Pour le Prof Dodzi Kokoroko, « Mme Mensah représente, pour l’Université de Lomé, les valeurs majeures qui permettent aux hommes et aux femmes de s’épanouir ». Parmi ces valeurs, il cite notamment le courage, la bravoure et le rêve d’un lendemain meilleur. « Vous nous réconciliez avec des réformes non réalisées dans le système éducatif togolais, notamment l’idée de se former tout au long de la vie », a déclaré Prof Dodzi Kokoroko

« L’Université de Lomé a un parcours identique au vôtre : le refus de la paresse et la capacité à surmonter les difficultés et les coups orchestrés par les ennemis du progrès et de l’innovation », a-t-il renchéri.

Il faut noter la présence de la ministre de l’action sociale, de la promotion de la femme et de l’alphabétisation, et de la ministre des sports et des loisirs.
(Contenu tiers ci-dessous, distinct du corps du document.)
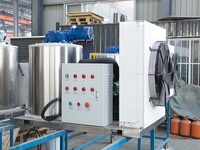 Machine à glace en flocons industrielle Haiyue de 0,3T, 0,5T, 1T, 2T, 3T avec certification CE pour la production commerciale de glace en flocons pour le poisson - Usine chinoise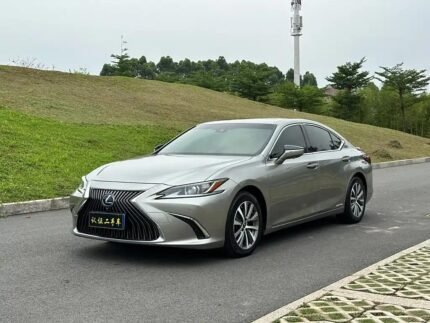 2020 Lexus ES for sale 850118 | Eauto Export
Il s’agit respectivement d’Adjovi Lonlongno Apédo-Anakoma et de Lidi Bessi-Kama.

Une détermination « rare » de la quinquagénaire

Issue d’une famille d’intellectuels, Denise Yawa Mensah s’était, dans un premier temps, arrêtée en classe de 4e pour apprendre la couture. Mais, suivant les conseils de ses entourages et de ses amies, elle a décidé de poursuivre les études pour avoir de meilleurs diplômes.

Elle a confié qu’elle ne supportait pas le fait de se contenter d’un niveau d’études du secondaire. Ayant passé le BEPC à deux reprises, Mme Denise ne s’est pas découragée jusqu’à décrocher le BAC 2. Membre d’une ONG, elle a eu un déclic en voyant des consœurs nanties de précieux sésames universitaires et qui avaient une capacité de réflexion supérieure à la sienne, se souvient-elle.

« Je remercie l’Université de Lomé pour cet honneur qui m’est fait. Cela me donne envie d’aller encore plus loin dans les études », a-t-elle indiqué.

Par ailleurs, elle prévoit faire des études en management centrées sur la thématique du développement. « J’aimerais, si c’est possible, avoir la licence en management », a déclaré la nouvelle bachelière.

Rappelons que Denise Mensah est patronne de l’atelier de couture «SAKY’A STYLE» qu’elle a fondé en 1988, dans la capitale togolaise, Lomé.